4                  The share capital may be increased in an amount not to exceed CHF 29,723,421.73 through the issuance of up to 28,857,691 fully paid registered shares with a par value of CHF 1.03 per share by the issuance of new shares to employees of the Company and group companies. The pre-emptive and advance subscription rights of the shareholders of the Company shall thereby be excluded. The shares or rights to subscribe for shares shall be issued to employees pursuant to one or more regulations to be issued by the Board of Directors, taking into account performance, functions, levels of responsibility and profitability criteria.

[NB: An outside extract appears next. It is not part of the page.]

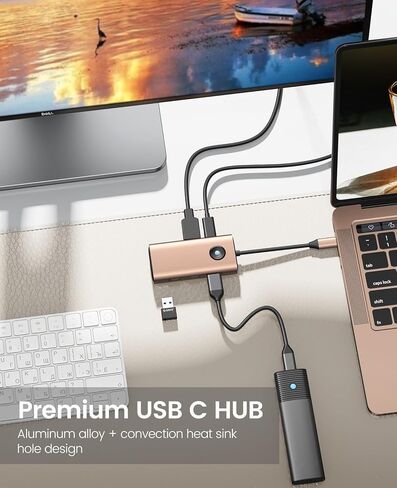 USB C Docking Station, 6 in 1 USB C Dongle with HDMI 4K, PD100W, 3*USB3.0, Multiport Adapter for MacBook/Dell/HP/Surface/Lenovo in Kuwait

Shares or subscription rights may be issued to employees at a price lower than that quoted on the stock exchange.

 

5                  The acquisition of shares within the context of employee share ownership and each subsequent transfer of the shares shall be subject to the restrictions of art. 5 of these Articles of Incorporation.

 

Article 4ter

 

Authorized Share Capital

 

1                  The Board of Directors shall be authorized to increase the share capital in an amount not to exceed CHF 206,000,000 through the issuance of up to 200,000,000 fully paid registered shares with a par value of CHF 1.03 per share by not later than May 5, 2011. Increases in partial amounts shall be permitted.

 

2                  The subscription and acquisition of the new shares, as well as each subsequent transfer of the shares, shall be subject to the restrictions of art. 5 of these Articles of Incorporation.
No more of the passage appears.